What would you say if I suggested that the elimination of just one regulation could save students thousands of dollars in student debt? Ever heard of the 90/10 rule? It applies only to for-profit colleges and requires that no more than 90 percent of their revenue come from federal sources. Congress passed the regulation in 1992.
The rule was designed to protect students from “bad” schools. But, after nearly 40 years in the for-profit college business, I would posit that 90/10 has done just the opposite. I believe it is the cause of students’ excessive debt — from the direct loans they took out from for-profit colleges and private lenders.
They are known as “gap” loans and are used to pay the gap between tuition and fees not covered by other grants and loans. Most people don’t make the connection that 90/10 caused, or at least enabled, these kinds of loans, which are usually taken out on top of federal ones.
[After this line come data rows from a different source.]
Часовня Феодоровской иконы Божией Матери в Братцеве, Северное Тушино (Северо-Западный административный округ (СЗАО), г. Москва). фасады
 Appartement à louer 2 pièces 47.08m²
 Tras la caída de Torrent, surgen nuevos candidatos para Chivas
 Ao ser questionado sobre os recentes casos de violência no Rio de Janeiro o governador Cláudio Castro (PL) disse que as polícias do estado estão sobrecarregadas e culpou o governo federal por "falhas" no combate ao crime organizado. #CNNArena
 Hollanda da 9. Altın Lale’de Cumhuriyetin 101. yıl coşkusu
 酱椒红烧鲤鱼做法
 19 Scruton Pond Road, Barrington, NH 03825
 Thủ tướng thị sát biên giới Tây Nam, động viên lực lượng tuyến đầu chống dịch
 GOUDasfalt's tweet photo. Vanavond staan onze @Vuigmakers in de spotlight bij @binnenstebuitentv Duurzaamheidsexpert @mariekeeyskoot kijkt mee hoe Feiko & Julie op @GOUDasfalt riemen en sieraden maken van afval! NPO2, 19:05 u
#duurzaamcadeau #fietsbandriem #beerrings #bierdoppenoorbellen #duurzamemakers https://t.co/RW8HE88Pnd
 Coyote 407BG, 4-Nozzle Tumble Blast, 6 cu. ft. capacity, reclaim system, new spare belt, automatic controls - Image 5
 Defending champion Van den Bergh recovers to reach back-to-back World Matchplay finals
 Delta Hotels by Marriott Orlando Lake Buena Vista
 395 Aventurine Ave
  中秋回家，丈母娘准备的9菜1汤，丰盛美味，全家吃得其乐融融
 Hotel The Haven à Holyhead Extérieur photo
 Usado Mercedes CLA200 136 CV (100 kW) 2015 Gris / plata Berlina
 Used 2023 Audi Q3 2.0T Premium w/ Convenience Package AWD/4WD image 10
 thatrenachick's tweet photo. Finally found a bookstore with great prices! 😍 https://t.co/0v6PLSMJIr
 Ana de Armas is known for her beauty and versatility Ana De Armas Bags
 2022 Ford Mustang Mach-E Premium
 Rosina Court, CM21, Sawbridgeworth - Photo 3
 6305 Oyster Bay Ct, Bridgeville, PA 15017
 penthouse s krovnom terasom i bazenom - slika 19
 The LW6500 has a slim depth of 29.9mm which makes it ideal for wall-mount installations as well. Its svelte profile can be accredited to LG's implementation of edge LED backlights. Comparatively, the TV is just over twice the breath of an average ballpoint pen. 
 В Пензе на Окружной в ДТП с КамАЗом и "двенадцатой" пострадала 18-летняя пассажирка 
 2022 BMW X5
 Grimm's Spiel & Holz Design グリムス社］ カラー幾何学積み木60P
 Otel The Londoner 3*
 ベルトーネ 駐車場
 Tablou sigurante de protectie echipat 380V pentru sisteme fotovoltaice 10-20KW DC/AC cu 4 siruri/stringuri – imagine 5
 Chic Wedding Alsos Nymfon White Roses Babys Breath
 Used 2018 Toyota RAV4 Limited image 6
Before the 90/10 rule was introduced, competitive market forces were a factor in the for-profit college sector. The majority of for-profit colleges charged tuition that was less than the maximum students were allowed to receive in federal financial aid, which includes Pell Grants, available to low-income students, and federal student loans. From my experience as a college owner, competition kept tuition low, and students were the beneficiaries.
With the implementation of the 90/10 rule (intended to drive “fly-by-night” colleges out of business), compliance with the new law became the major driver of tuition policy, rather than market forces. The penalty for any for-profit college exceeding the 90/10 ratio was repayment of the entire year’s federal aid income and suspension from all federal aid programs for the next two years — essentially a death sentence. Could you repay 90 percent of your last year’s earnings and live for the next two years with no pay?
The 90/10 rule actually accomplished the opposite of what was intended. Students were not “protected,” and student debt sky-rocketed.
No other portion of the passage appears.